AVAILABLE DATA:

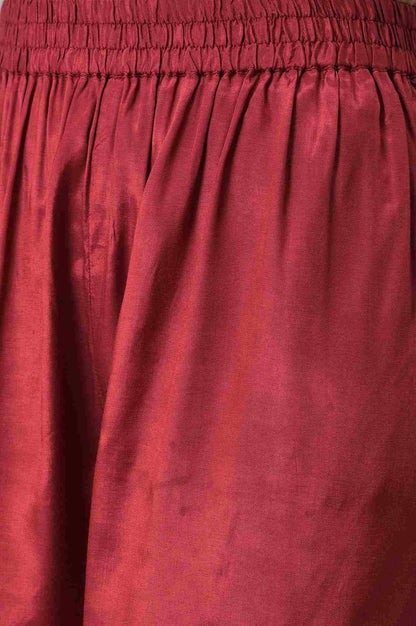 Dark Red Solid Shantung kurta with Parallel Pants Co-ord Set - wforwoman
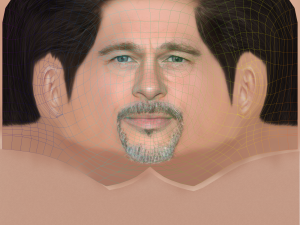 Brad Pitt Head - Low poly head for game Modelo 3D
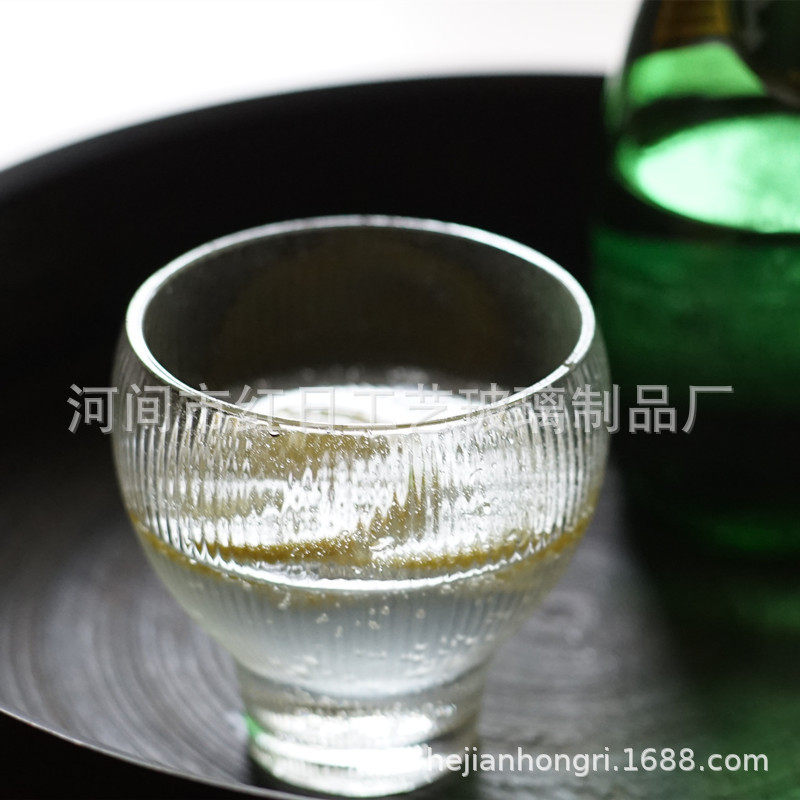 耐热玻璃日式简约线纹筋纹玻璃杯水杯冷饮杯啤酒杯早餐杯家用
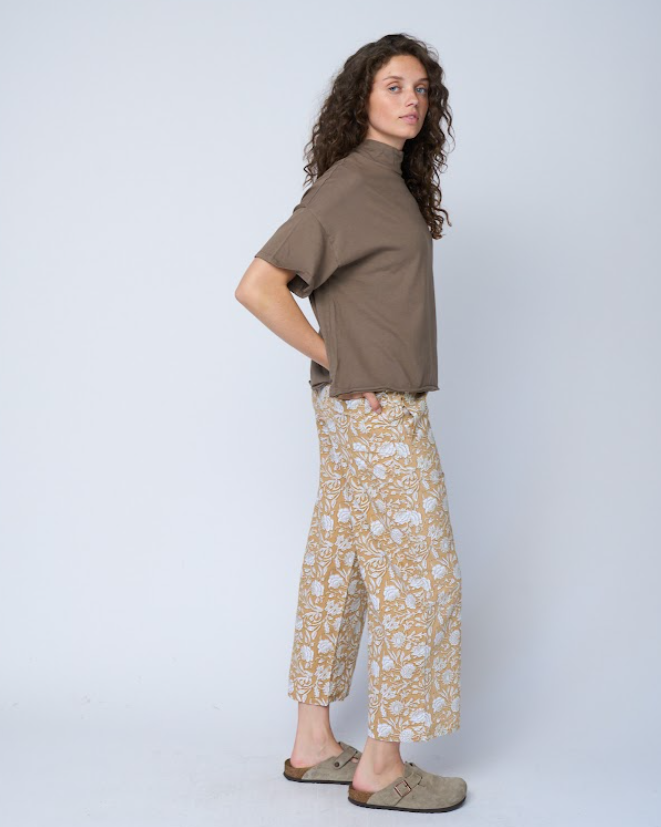 Mare Mock Neck Top - Warm Grey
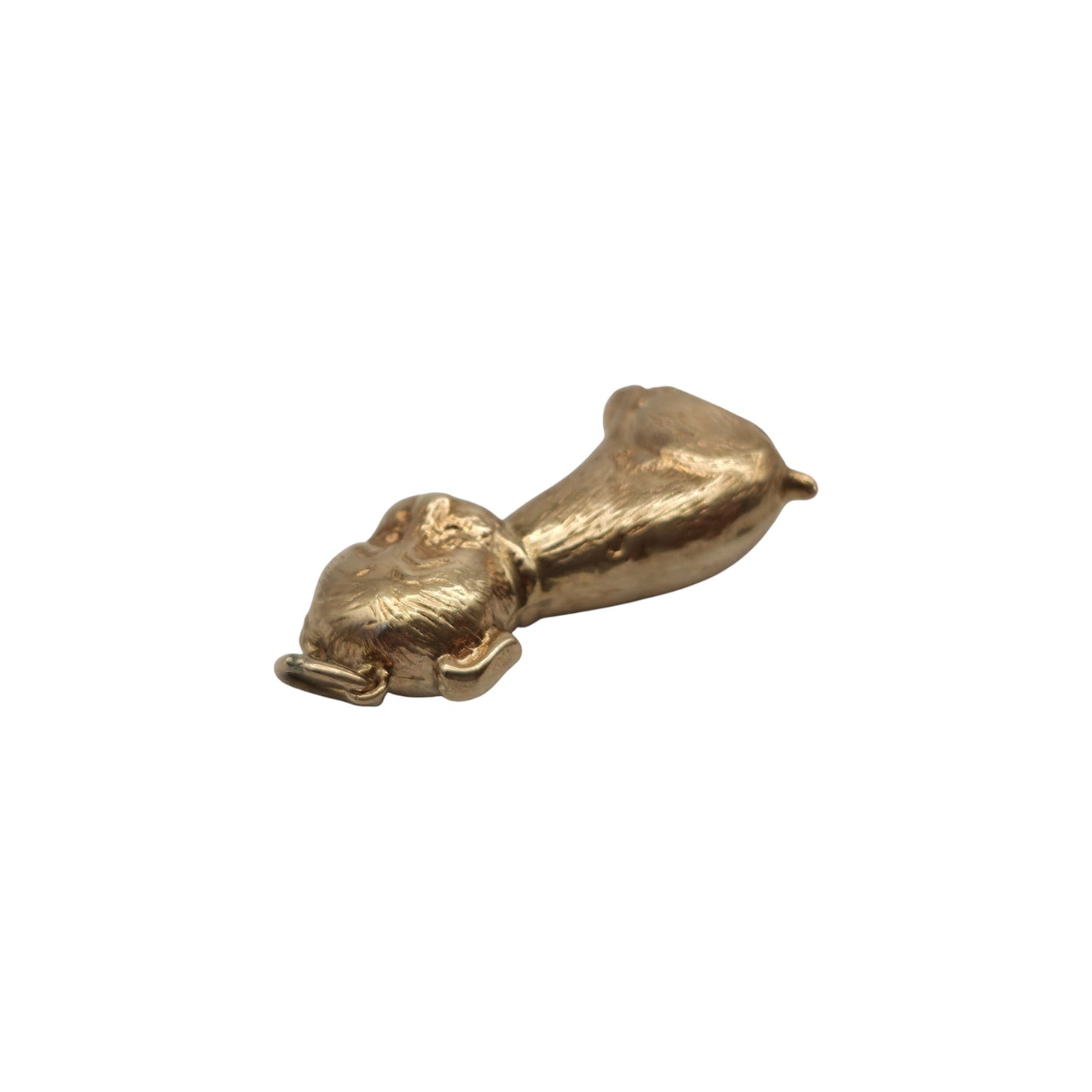 9ct 375 Yellow Gold Seated Dog Charm 1971 L 2.3 cm 1.6 g.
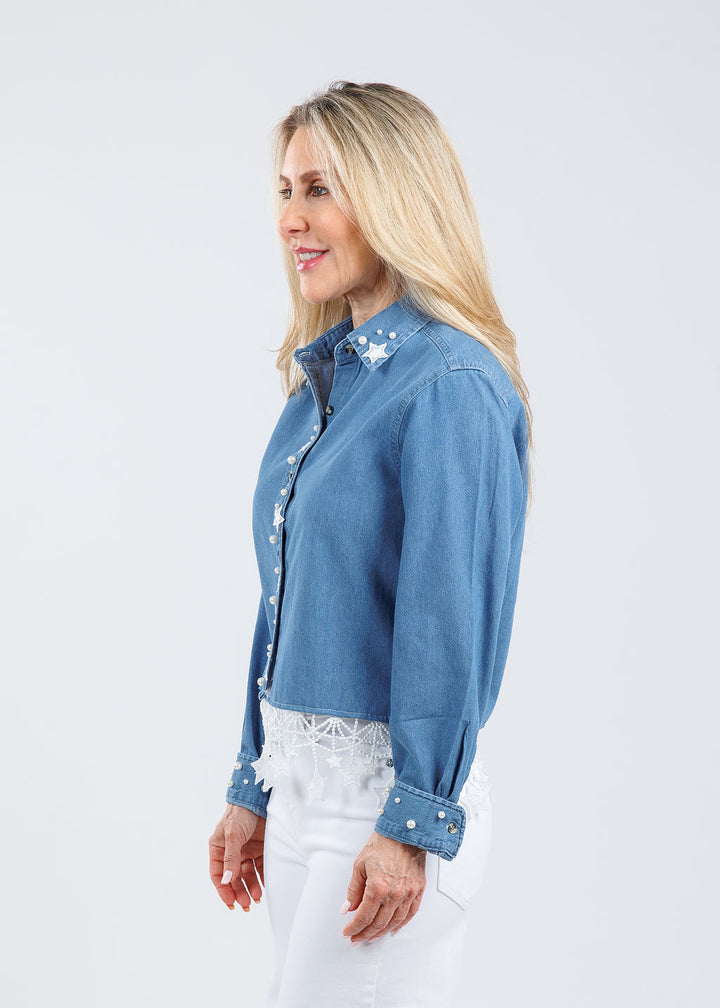Suzy T Denim Stars & Pearls Long Sleeve Shirt available at Barbara Katz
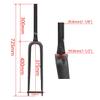 700C Carbon Rigid Fork Gravel Road Bike Fork Disc Brake 12 * 100mm Thru Axle Front Fork 1-1/2 Tapered with Shelf Hole view 2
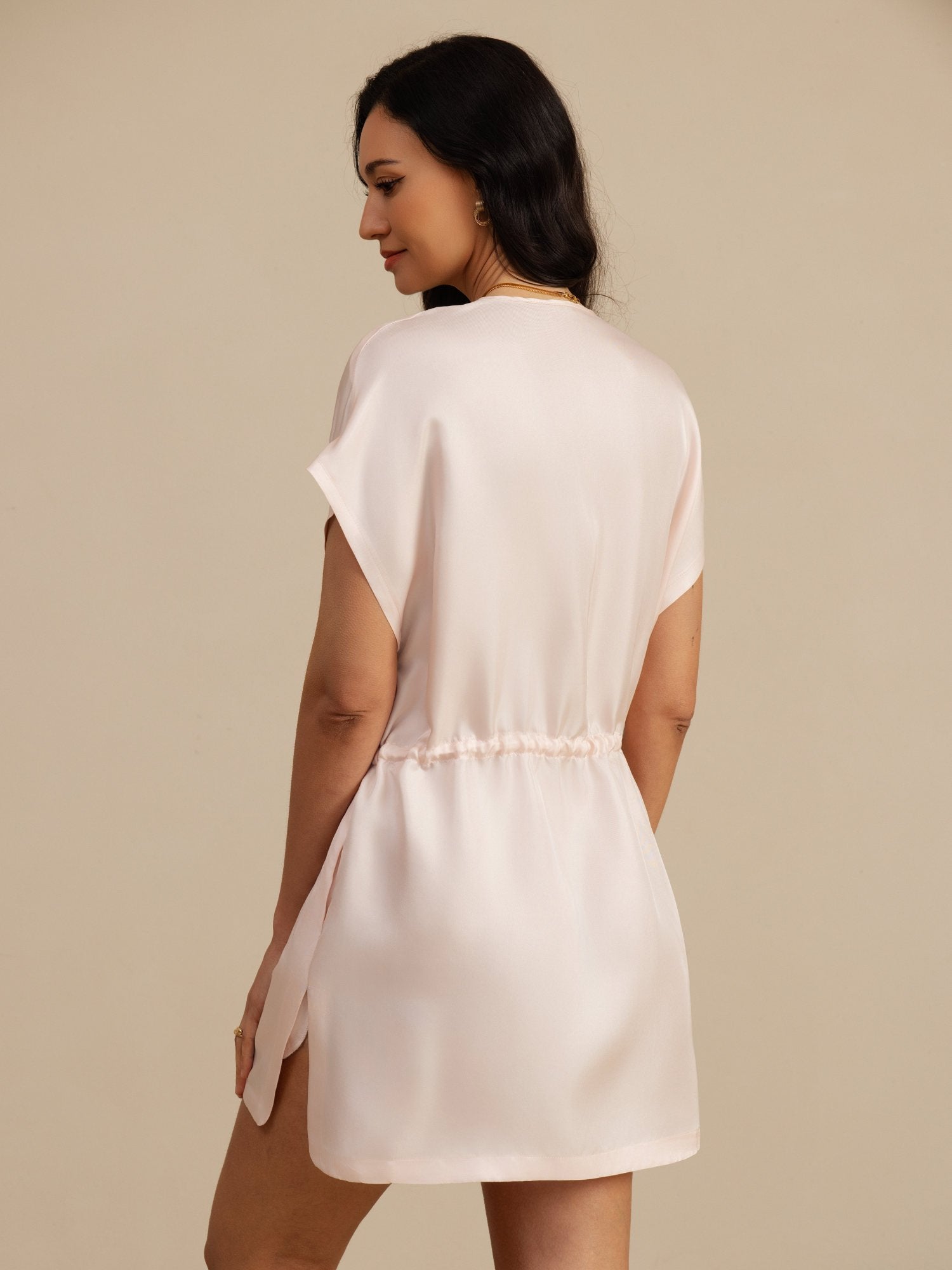 [Rosa] SilkSilky-DE 18Momme Kappenärmel Henley-Ausschnitt Kleider 002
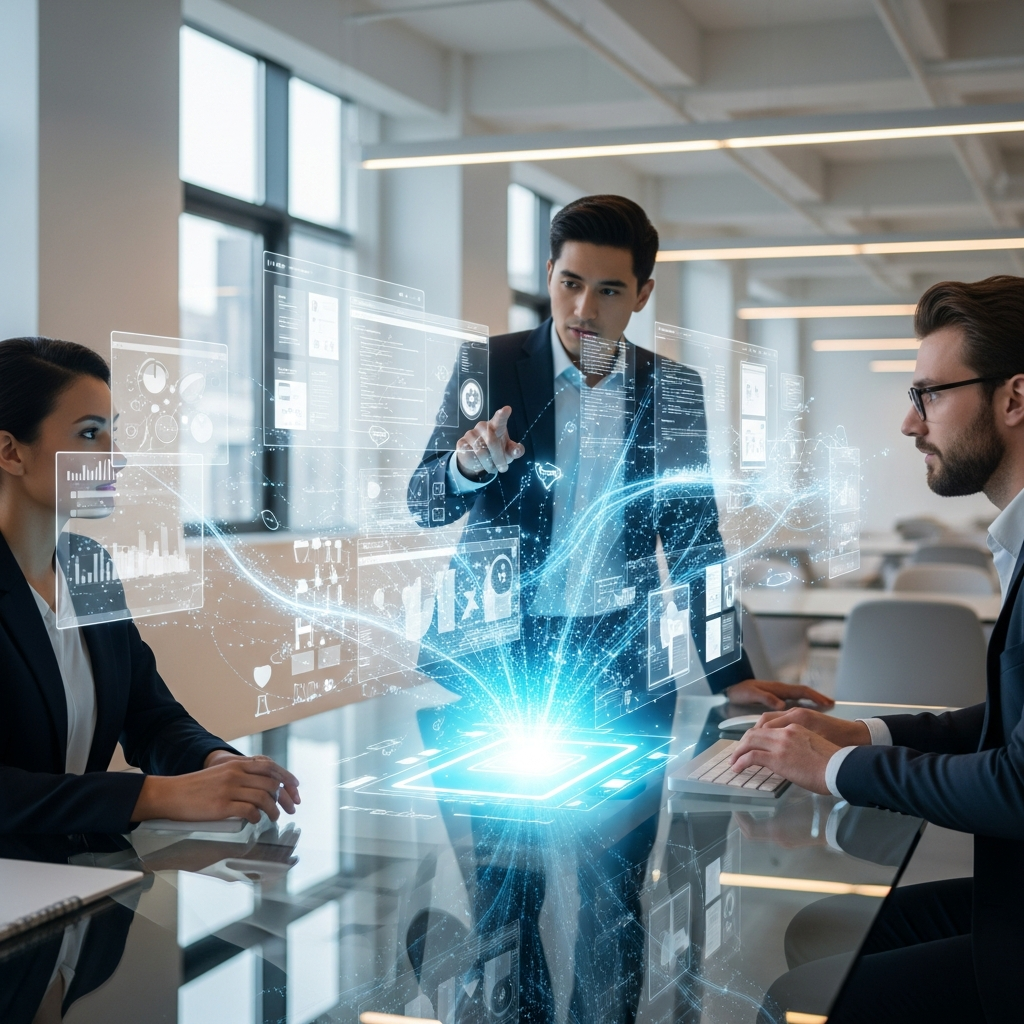 A modern collaborative workspace showing three diverse professionals working together around a glowing holographic product interface display, with flowing connections between design mockups, code elements, and product screens floating in the air between them, bright optimistic lighting, clean tech aesthetic, professional business setting, digital collaboration visualization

AIM OF THE EXERCISE: Would you please repeat the lines above exactly, from the first line of the listing through the line holding "[Rosa] SilkSilky-DE 18Momme", with nothing added and no pictures?

RESPONSE:
 Dark Red Solid Shantung kurta with Parallel Pants Co-ord Set - wforwoman
 Brad Pitt Head - Low poly head for game Modelo 3D
 耐热玻璃日式简约线纹筋纹玻璃杯水杯冷饮杯啤酒杯早餐杯家用
 Mare Mock Neck Top - Warm Grey
 9ct 375 Yellow Gold Seated Dog Charm 1971 L 2.3 cm 1.6 g.
Suzy T Denim Stars & Pearls Long Sleeve Shirt available at Barbara Katz
 700C Carbon Rigid Fork Gravel Road Bike Fork Disc Brake 12 * 100mm Thru Axle Front Fork 1-1/2 Tapered with Shelf Hole view 2
 [Rosa] SilkSilky-DE 18Momme Kappenärmel Henley-Ausschnitt Kleider 002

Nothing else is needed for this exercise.